Microsoft Defender est touché par une faille de sécurité désormais exploitée dans des attaques par rançongiciel. Référencée sous le nom CVE-2026-33825 et surnommée BlueHammer, cette vulnérabilité permet à un pirate déjà présent sur un ordinateur d’obtenir les privilèges les plus élevés de Windows. Microsoft a publié un correctif le 14 avril 2026.

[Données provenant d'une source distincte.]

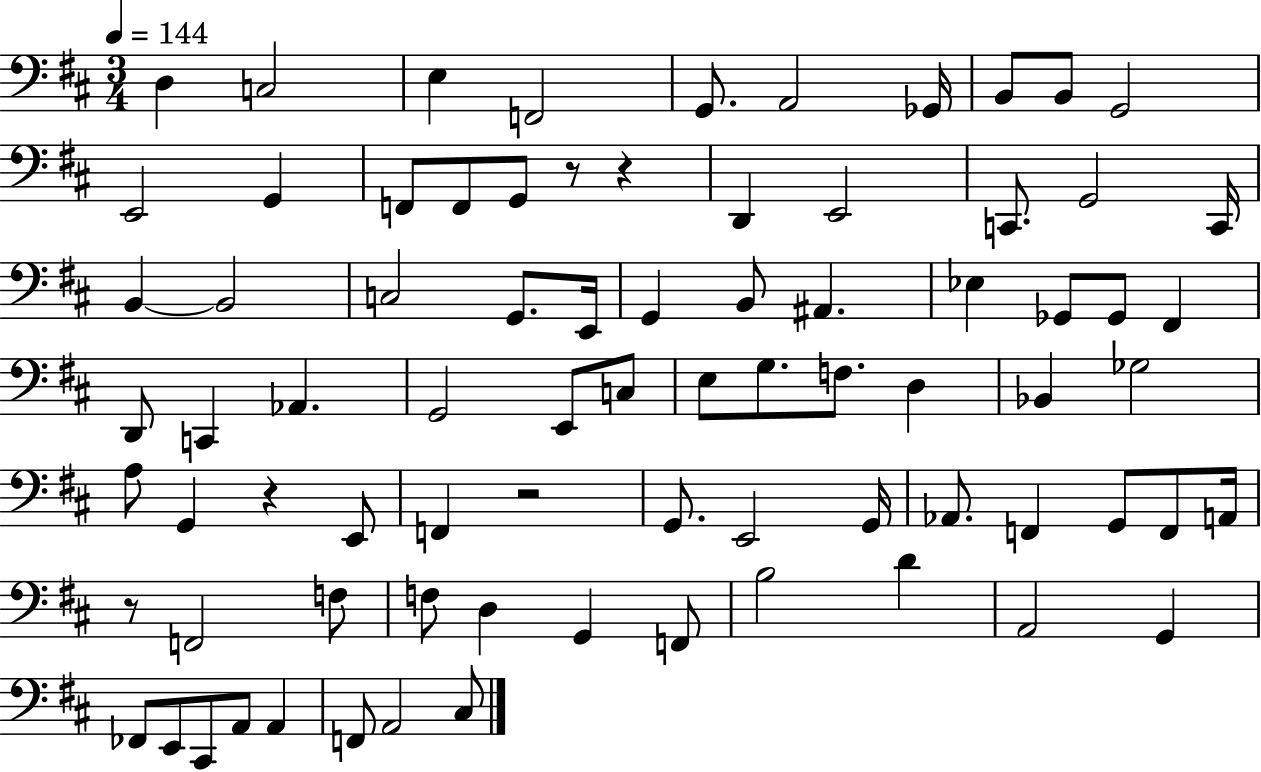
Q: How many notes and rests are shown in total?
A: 79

BlueHammer permet d’obtenir les privilèges SYSTEM

La faille BlueHammer provient d’un contrôle insuffisamment précis des droits d’accès dans Microsoft Defender. Elle a reçu un score de gravité de 7,8 sur 10, correspondant à un niveau élevé.

Un attaquant disposant déjà de droits limités sur l’ordinateur peut exploiter cette faiblesse pour accéder à des ressources normalement protégées. Il peut notamment atteindre la base Security Account Manager, qui contient les empreintes des mots de passe associés aux comptes locaux.

Cette exploitation peut lui permettre d’obtenir les privilèges SYSTEM, le niveau d’accès le plus élevé sous Windows. Le pirate peut alors exécuter des commandes, manipuler des fichiers protégés ou prendre le contrôle complet de la machine.

La faille nécessite un premier accès à l’ordinateur

BlueHammer ne permet pas d’attaquer directement un PC depuis Internet sans accès préalable. Le pirate doit d’abord réussir à exécuter un programme sur la machine ou compromettre un compte disposant de droits locaux.

Ce premier accès peut provenir d’un courriel malveillant, d’un mot de passe volé, d’un logiciel piégé ou d’une autre vulnérabilité.

Une fois installé sur l’ordinateur, l’attaquant peut utiliser BlueHammer pour augmenter ses privilèges, contourner certaines protections, récupérer des données supplémentaires ou préparer le déploiement d’un rançongiciel.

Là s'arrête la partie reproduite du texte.